NasDem Singgung Pemecatan Prabowo, Gerindra: Jangan Asal Ngomong!
NasDem Singgung Pemecatan Prabowo, Gerindra: Jangan Asal Ngomong!
DetikGadis - Sekjen NasDem Johnny G Plate menyinggung rekomendasi Dewan Kehormatan Militer tentang pemecatan Prabowo Subianto dari TNI pada Mei 1998. Anggota Badan Komunikasi DPP Partai Gerindra Andre Rosiade angkat bicara dan menjelaskan soal pemecatan sang ketum itu.
"Saya ingin jelaskan bahwa tidak ada namanya Dewan Kehormatan Militer, yang ada Dewan Kehormatan Perwira. Dan berdasarkan SKep Panglima ABRI No 838/1995 tentang Dewan Kehormatan Perwira, Panglima ABRI tidak punya wewenang membuat DKP untuk perwira tinggi," kata Andre kepada wartawan, Senin (6/8/2018).
Andre mengatakan Johnny salah bicara soal Dewan Kehormatan Militer. Saat itu, Prabowo dipecat melalui surat rekomendasi Dewan Kehormatan Perwira.
Dia juga mengingatkan pemberhentian Prabowo dari ABRI bukan karena tindakan melanggar hukum. Andre mengungkit peran Menko Polhukam Wiranto yang saat itu menjabat Panglima ABRI.
"Panglima ABRI hanya mempunyai modal untuk membuat DKP untuk perwira menengah.
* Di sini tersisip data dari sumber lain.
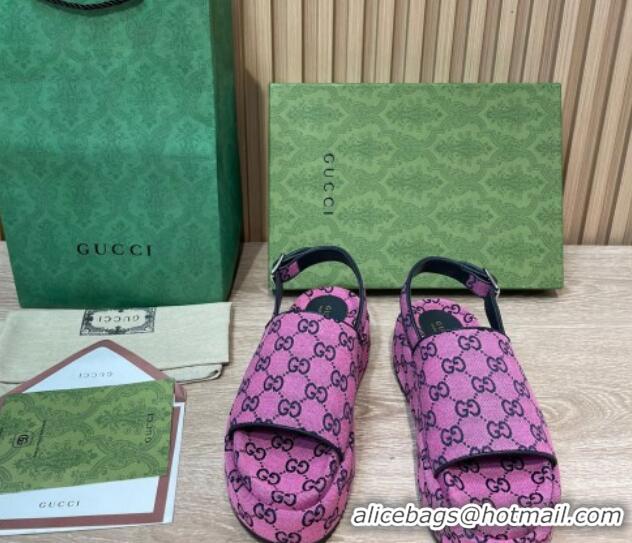 Stylish Gucci GG Canvas Platform Sandals 5.5cm with Buckle Back Strap Fuchsia Pink 062203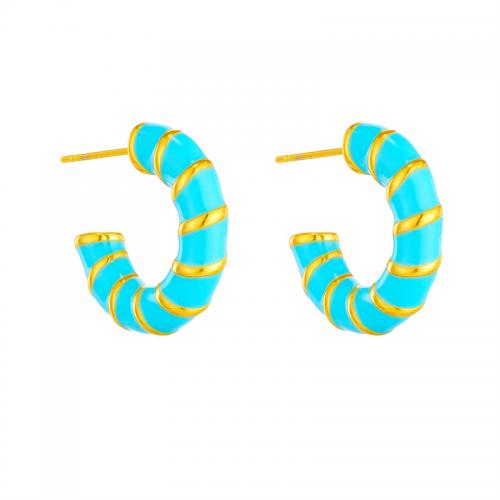 Boucle d'oreille Acier Titane, bijoux de mode & pour femme & émail, blue ciel, 20mm, Vendu par paire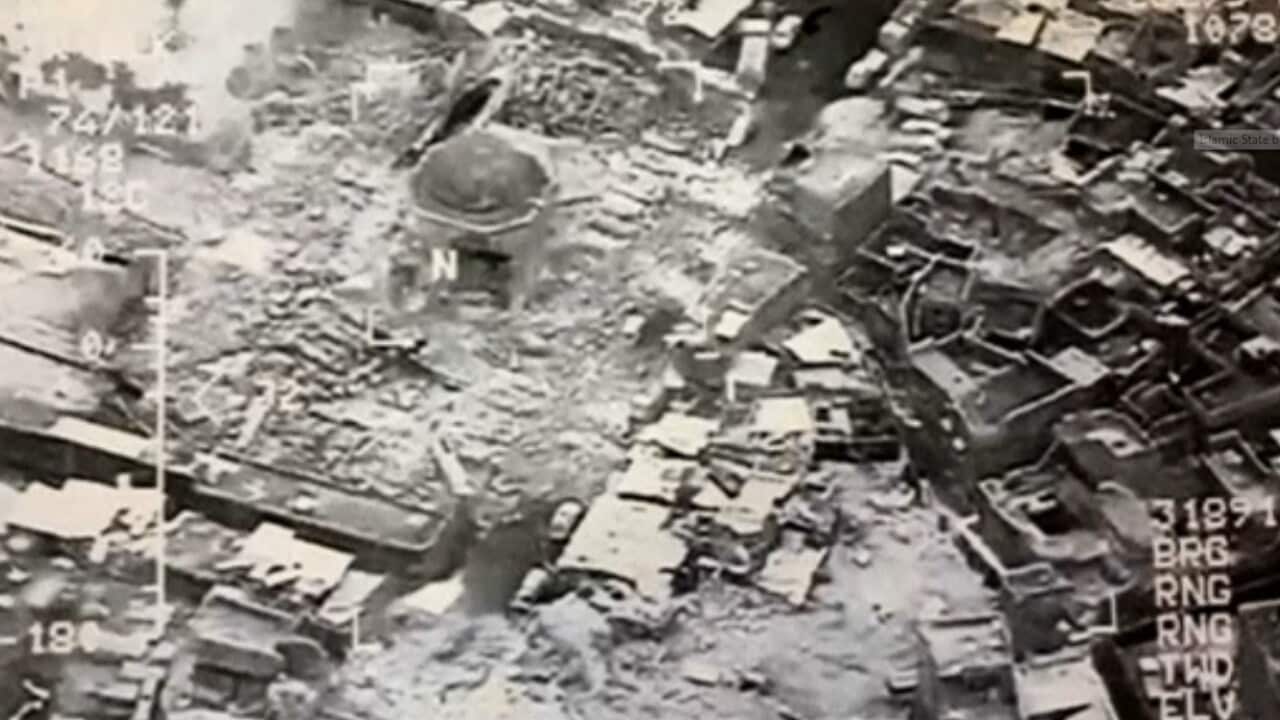 Iraqi Military handout of a still showing the mosque in central Mosul destroyed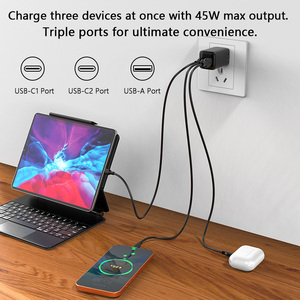 Multi Device Compatible OEM Gan Laptop Charger 45W Triple Ports Type a +2C Fast Charging USB Wall Charger for <b>table</b> <b>phone</b> pad - Product Image 2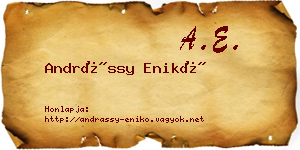 Andrássy Enikő névjegykártya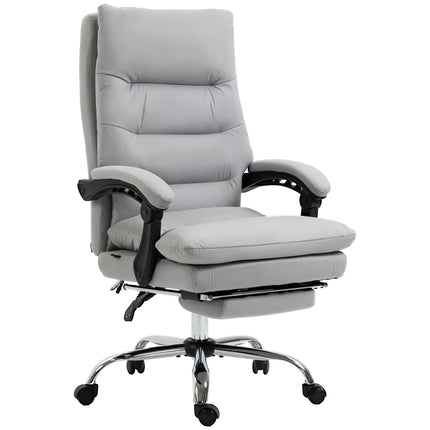 Vibration Massage Office Chair with Heat, Reclining Back, Footrest & Armrest, Microfibre Double Padding - Grey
Lalu dalam DKP itu disebutkan minimal 3 orang harus berpangkat lebih tinggi dari terperiksa. Faktanya dalam DKP Pak Prabowo itu hanya satu yang lebih tinggi, yaitu KSAD Jenderal Subagyo," ujarnya.
"Ini menunjukkan DKP yang dibentuk Wiranto waktu itu adalah tindakan inkonstitusional yang melebihi wewenang sebagai Pangab demi ambisi pribadi untuk menyingkirkan Prabowo Subianto," imbuh Andre.
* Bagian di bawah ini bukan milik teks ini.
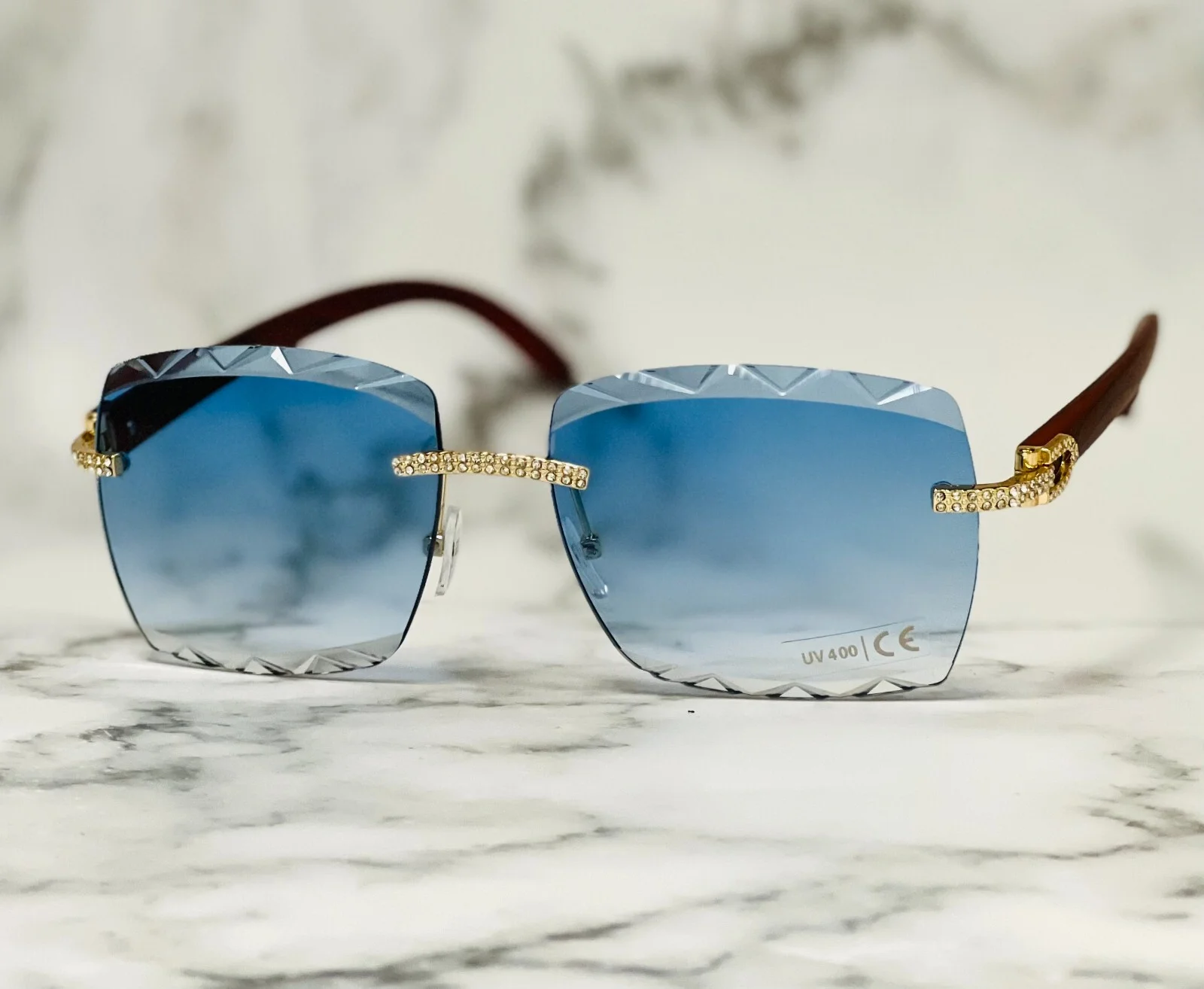 Blue Lens Elegant Christal Diamond Classic Sunglasses EyeGlasses Eyewear Shades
Dia meminta Johnny tak asal bicara jika tak tahu sejarah. Andre kemudian kembali menyinggung soal 'ajak berantem' Joko Widodo (Jokowi) kepada relawan yang jadi kontroversi.
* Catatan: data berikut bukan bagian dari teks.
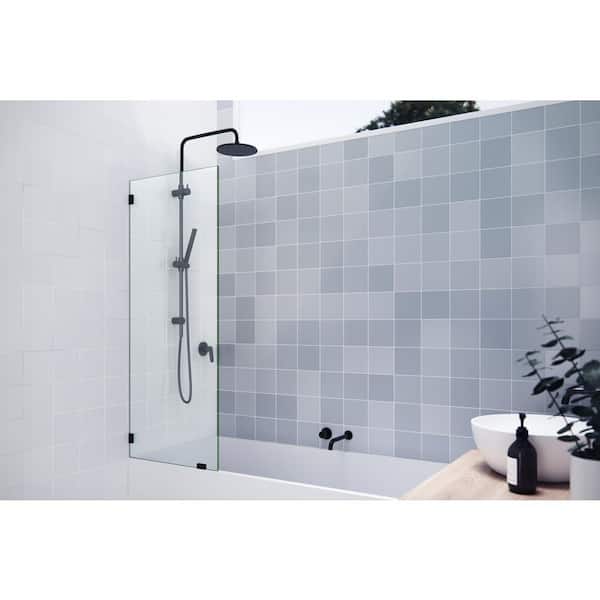 Glass Warehouse 58.25 in. x 23.5 in. Frameless Shower Bath Fixed Panel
"Jadi Saudara Johnny Plate jangan asal ngomong kalau tidak tahu sejarah. Itu juga jelas pernyataan Pak Jokowi di depan relawan, ada di rekaman. Ada dua itu. Coba saya tanya, di mana kalau kata-kata itu tidak menganjurkan kekerasan? Intinya, kita tidak usah bersilat lidah dan mencari pembenaran, sudah jelas Pak Jokowi salah," sebutnya.
Andre menilai Jokowi tidak bisa menempatkan diri. Dia berharap Jokowi mengakui kesalahan dan meminta maaf.
"Tinggal mengakui dan minta maaf. Karena kami menilai Pak Jokowi gagal dalam memisahkan posisinya sebagai presiden dan sebagai capres. Ini membahayakan demokrasi dan Pemilu 2019 kalau sikap Pak Jokowi seperti ini. Apakah ini revolusi mental yang dicita-citakan Pak Jokowi? Ini membahayakan," tutur dia.
Sebelumnya, Johnny menanggapi pernyataan Kadiv Advokasi dan Bantuan Hukum Partai Demokrat (PD) Ferdinand Hutahaean yang menyayangkan pernyataan 'berani jika diajak berantem' dari Jokowi kepada relawannya. PD meminta Jokowi tidak berlaku seperti provokator.
Dia menilai pernyataan Jokowi tidak patut. PD menyarankan DPR memanggil Jokowi soal arahannya itu. "Sungguh ini tak layak, tak patut, dan tidak etis. Saya pikir DPR harus memanggil presiden dan menegurnya karena ini bibit perang saudara," cetus Ferdinand.
Jhonny menilai PD gagal paham atas pesan Presiden Jokowi kepada relawannya. Menurut dia, Jokowi justru berpesan agar Pemilu 2019 dipenuhi kegembiraan.
Jhonny kemudian menyebut tudingan kekerasan yang dilontarkan Demokrat mengingatkan dirinya pada peristiwa Reformasi '98. Dia menyinggung rekomendasi Dewan Kehormatan Militer saat itu.
"Ini membangun memori masyarakat bahwa tanda-tanda kekerasan dulu itu ada. Dulu kan kita tahu peristiwa kekerasan '98, rekomendasi Dewan Kehormatan Militer," ucap Jhonny.